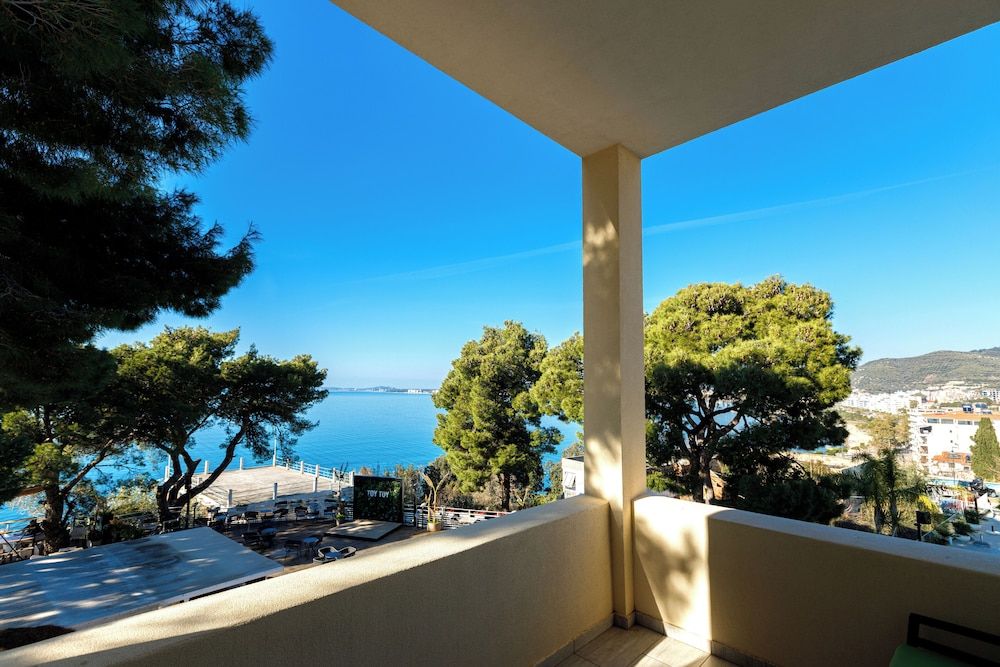 Le Palazzine Hotel Deluxe Double Room, Sea View 5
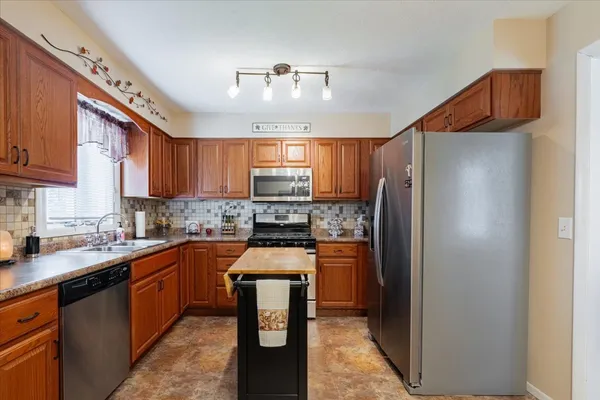 $299,000 | 5 Devon Road, Bloomington, IL 61704
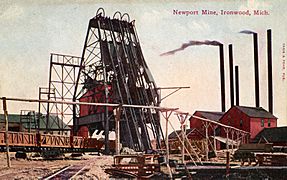 Ironwood-Newport-1910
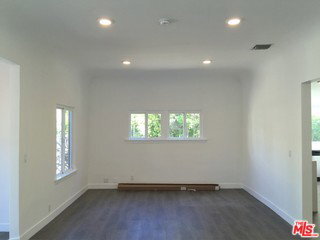 Foto del edificio - 8538 N W Knoll Dr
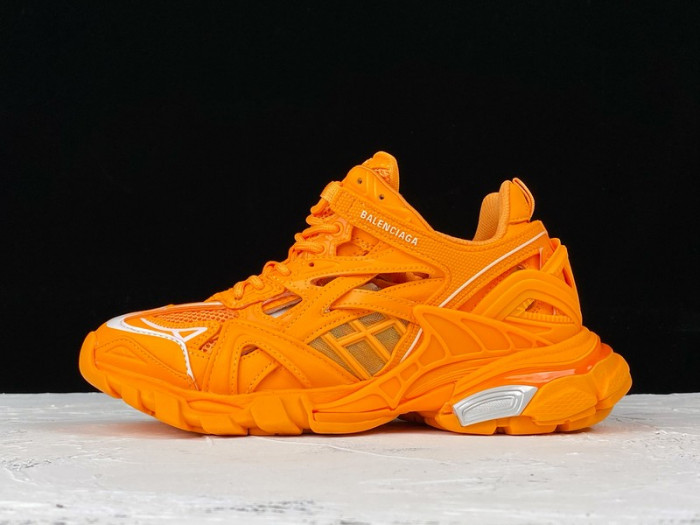 Ba*len*cia*ga track trainer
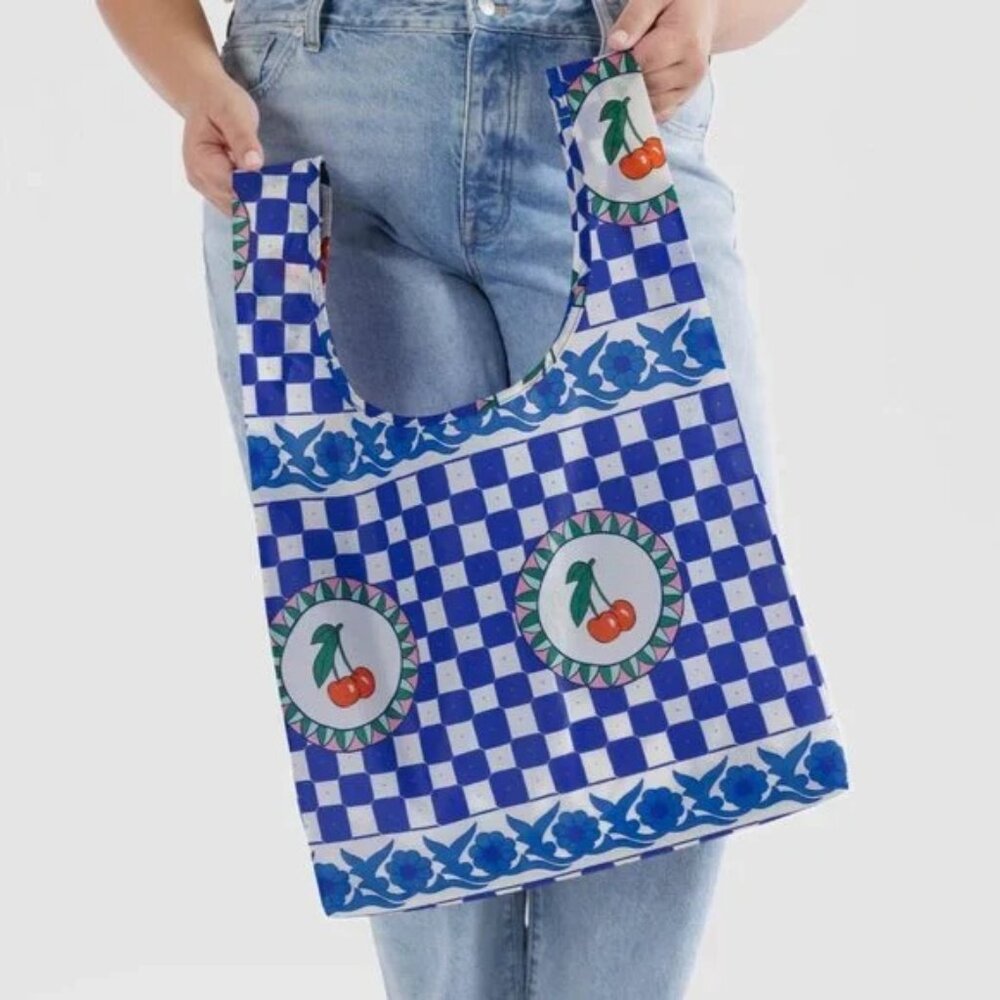 ✨SOLD!✨ NWOT Standard BAGGU Reusable Bag – Cherry Tile - Picture 2 of 7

========================

### Problem details
Through to the final line, copy the material above exactly and skip the images.

### Solution to this problem
 Le Palazzine Hotel Deluxe Double Room, Sea View 5
 $299,000 | 5 Devon Road, Bloomington, IL 61704
 Ironwood-Newport-1910
 Foto del edificio - 8538 N W Knoll Dr
 Ba*len*cia*ga track trainer
 ✨SOLD!✨ NWOT Standard BAGGU Reusable Bag – Cherry Tile - Picture 2 of 7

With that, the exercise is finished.